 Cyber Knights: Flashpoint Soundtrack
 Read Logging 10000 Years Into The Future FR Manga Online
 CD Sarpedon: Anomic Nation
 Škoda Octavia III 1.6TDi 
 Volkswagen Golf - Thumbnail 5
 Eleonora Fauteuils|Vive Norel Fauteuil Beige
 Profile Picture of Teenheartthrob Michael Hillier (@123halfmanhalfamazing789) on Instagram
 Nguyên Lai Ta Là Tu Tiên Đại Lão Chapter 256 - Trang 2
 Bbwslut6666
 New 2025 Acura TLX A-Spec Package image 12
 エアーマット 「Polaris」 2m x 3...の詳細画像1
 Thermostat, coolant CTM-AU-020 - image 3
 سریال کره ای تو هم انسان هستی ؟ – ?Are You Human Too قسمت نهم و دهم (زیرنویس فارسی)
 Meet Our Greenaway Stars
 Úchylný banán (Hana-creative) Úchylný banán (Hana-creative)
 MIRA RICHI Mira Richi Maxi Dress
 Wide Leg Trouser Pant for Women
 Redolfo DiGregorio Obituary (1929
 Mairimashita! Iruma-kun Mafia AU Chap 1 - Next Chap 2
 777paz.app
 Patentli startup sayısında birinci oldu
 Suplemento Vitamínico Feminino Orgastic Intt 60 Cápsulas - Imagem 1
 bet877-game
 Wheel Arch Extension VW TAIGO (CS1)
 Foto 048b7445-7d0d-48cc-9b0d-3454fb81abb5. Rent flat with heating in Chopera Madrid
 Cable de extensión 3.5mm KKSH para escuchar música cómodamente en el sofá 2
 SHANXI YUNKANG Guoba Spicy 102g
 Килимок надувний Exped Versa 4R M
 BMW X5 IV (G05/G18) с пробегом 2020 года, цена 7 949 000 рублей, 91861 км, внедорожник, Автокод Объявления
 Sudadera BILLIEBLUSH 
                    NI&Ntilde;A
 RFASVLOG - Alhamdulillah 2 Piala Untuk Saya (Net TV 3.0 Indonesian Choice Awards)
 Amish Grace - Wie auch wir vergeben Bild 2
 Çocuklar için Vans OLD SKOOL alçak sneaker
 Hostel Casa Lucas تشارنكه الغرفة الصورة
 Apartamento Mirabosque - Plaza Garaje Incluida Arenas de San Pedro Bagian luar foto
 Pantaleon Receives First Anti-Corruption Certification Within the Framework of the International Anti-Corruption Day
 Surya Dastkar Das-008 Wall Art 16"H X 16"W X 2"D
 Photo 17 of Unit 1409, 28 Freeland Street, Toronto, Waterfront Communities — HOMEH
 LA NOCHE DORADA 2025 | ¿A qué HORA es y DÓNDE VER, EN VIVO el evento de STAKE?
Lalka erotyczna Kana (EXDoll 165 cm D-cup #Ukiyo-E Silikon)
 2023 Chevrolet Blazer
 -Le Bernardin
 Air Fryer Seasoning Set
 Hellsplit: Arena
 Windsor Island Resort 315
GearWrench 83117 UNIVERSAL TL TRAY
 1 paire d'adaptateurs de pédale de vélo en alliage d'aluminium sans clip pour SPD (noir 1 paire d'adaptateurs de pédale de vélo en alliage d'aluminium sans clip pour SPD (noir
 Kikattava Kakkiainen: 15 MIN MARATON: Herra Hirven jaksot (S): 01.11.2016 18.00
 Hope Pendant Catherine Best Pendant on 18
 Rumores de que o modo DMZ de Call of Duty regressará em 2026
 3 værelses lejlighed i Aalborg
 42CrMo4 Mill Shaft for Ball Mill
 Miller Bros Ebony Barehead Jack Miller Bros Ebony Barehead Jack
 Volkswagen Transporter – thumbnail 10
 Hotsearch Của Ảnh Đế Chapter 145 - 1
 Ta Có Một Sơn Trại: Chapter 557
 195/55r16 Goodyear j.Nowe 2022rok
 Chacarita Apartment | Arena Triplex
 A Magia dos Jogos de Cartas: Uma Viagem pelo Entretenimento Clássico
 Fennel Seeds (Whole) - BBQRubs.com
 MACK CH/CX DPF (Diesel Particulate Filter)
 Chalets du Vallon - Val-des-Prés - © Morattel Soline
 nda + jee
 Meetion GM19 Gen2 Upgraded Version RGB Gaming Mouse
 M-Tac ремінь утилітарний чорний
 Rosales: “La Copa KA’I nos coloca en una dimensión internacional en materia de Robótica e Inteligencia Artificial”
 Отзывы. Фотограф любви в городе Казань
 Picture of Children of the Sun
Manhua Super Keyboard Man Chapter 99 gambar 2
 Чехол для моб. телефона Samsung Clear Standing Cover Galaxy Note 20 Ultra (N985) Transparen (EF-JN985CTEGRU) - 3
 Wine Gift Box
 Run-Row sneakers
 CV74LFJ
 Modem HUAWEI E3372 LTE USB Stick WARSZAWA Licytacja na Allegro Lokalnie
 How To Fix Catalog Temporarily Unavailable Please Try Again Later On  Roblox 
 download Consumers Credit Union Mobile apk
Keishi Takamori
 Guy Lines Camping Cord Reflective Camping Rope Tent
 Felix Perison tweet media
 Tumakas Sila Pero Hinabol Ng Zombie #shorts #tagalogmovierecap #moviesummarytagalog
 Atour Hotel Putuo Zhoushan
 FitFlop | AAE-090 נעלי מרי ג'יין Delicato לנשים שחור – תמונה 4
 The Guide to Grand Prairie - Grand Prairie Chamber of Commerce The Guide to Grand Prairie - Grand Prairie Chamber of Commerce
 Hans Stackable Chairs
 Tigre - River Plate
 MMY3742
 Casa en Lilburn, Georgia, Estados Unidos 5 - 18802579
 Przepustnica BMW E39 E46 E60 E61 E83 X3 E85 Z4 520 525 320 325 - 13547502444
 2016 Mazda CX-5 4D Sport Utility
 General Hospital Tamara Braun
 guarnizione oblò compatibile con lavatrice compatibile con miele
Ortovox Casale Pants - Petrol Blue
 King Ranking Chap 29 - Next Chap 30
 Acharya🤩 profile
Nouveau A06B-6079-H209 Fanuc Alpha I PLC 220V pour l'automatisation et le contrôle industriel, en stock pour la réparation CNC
__________________________________________________
_Work instruction_. Only lines with the word "Picture" should be collected from the material.

_Response_.
 Profile Picture of Teenheartthrob Michael Hillier (@123halfmanhalfamazing789) on Instagram
 Picture of Children of the Sun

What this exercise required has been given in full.